Предметом его работы может быть все живое — от богов до животных, но физические качества объекта должны заслуживать восхищения; ему нет дела до немощных, интеллектуалов, уродцев, стариков и старух. Он любит ваять коней, но к прочим животным безразличен. Еще лучше справляется он со статуями женщин, а некоторые анонимные шедевры, подобные задумчивой девушке, поддерживающей платье на груди, в Афинском музее, достигают безмятежной прелести, которая невыразима словами. Но лучше всего ему удаются атлеты, потому что его восхищение перед ними не знает границ и он может наблюдать их без каких-либо помех; время от времени он преувеличивает их удаль и украшает их животы неправдоподобными мускулами; но несмотря на этот недостаток он умеет отливать бронзы, подобные той, что была найдена в море близ Антикиферы и которую называют то Эфебом, то Персеем, чья десница некогда держала змееволосую голову Медузы. Иногда он застает юношу или девушку за каким-нибудь незамысловатым и самопроизвольным занятием, изображая, например, мальчика, вынимающего из ноги занозу[1157]. Но мифология Греции по-прежнему остается для него главным источником вдохновения. Грозное столкновение между философией и религией, пронизывающее мысль пятого столетия, еще не нашло отражения в монументах; здесь боги по-прежнему выступают в полном величии и, даже умирая, претерпевают высокое перевоплощение в поэзию или искусство. Неужели скульптор, который запечатлел в бронзе могучего Зевса из Артемисия[1158], действительно верил, будто изображает Закон мироздания? Разве художник, изваявший кроткого и скорбного Диониса из Дельфийского музея, в глубине своего разума — пусть даже смутно — не сознавал, что Дионис пронзен стрелами философии и что традиционные черты преемника Диониса — Христа уже предвосхищены в портрете этого страдающего бога?
2. Школы
Если греческая скульптура столького достигла в пятом веке, то это произошло отчасти потому, что каждый скульптор принадлежал к какой-нибудь школе и занимал свое место в долгой череде наставников и учеников, которая продолжала традиции своего искусства, обуздывала причуды независимых индивидуальностей, поощряла свойственные им дарования, дисциплинировала их, твердо преподавая основы технологии и достижений прошлого и, сочетая сильные стороны таланта и канона, обучила их искусству более великому, нежели искусство одинокого и своевольного гения. Великие художники чаще бывают завершителями традиции, нежели ее ниспровергателями, и хотя смутьяны — это необходимый вид в естественной истории искусства, основанное ими новое направление породит выдающиеся личности лишь после того, как будет укреплено наследственностью и очищено временем.

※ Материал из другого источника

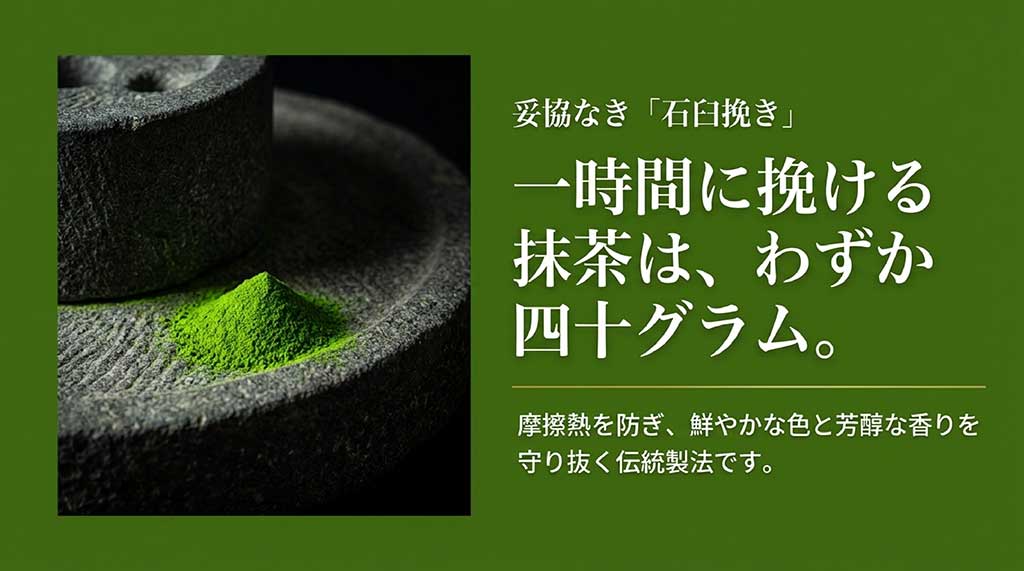 1時間に40gしか挽けない石臼挽き抹茶の工程と、鮮やかな緑色を保つ仕組みの解説図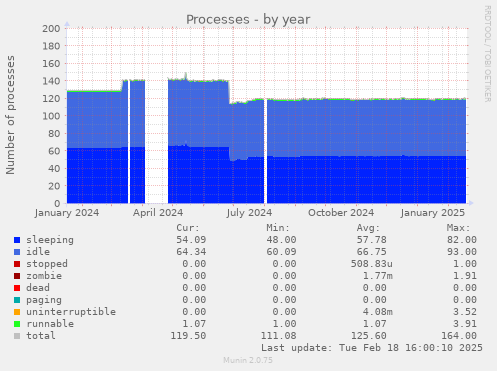 Processes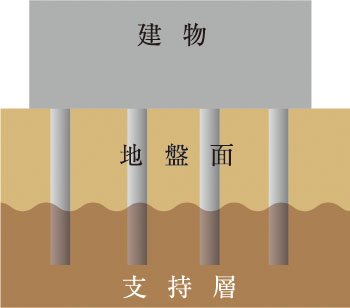 基礎工法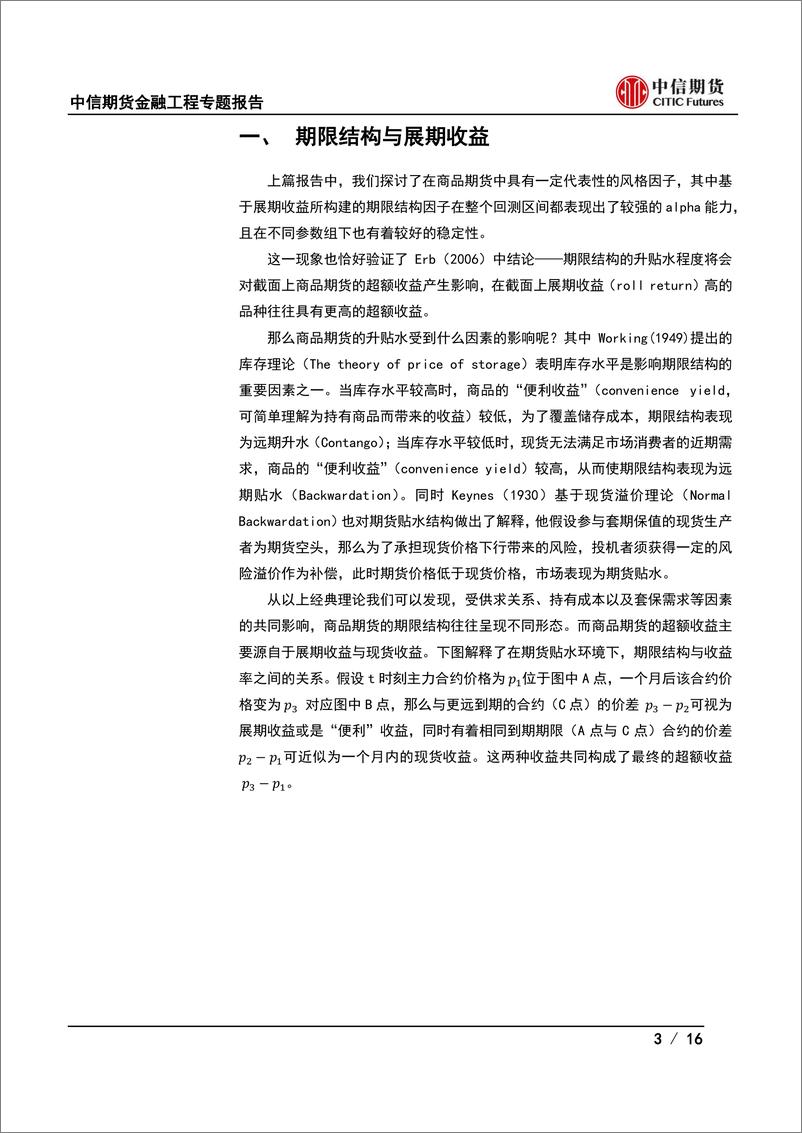 《期货多因子系列（三）：稳定样本下的期限结构因子-20220722-中信期货-19页》 - 第4页预览图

В Периклову эпоху эту функцию исполняли пять школ: школы Регия, Сикиона, Аргоса, Эгины и Аттики. Около 496 года еще один Пифагор Самосский поселился в Регии, отлил Филоктета, завоевавшего для него средиземноморскую славу, и стал придавать лицам своих статуй те черты страсти, боли и старости, которые шокировали всех греческих скульпторов до тех пор, пока художники эллинистического периода не решились ему подражать. В Сикионе Канах и его брат Аристокл продолжили работу, начатую столетием раньше Дипеном и Скиллидом с Крита. Каллон и Онат принесли славу Эгине своей мастерской работой с бронзой; возможно, именно они являются авторами эгинских фронтонов. В Аргосе Агелад организовал школу, которая впитала местную скульптурную традицию и достигла своего апогея в лице Поликлета.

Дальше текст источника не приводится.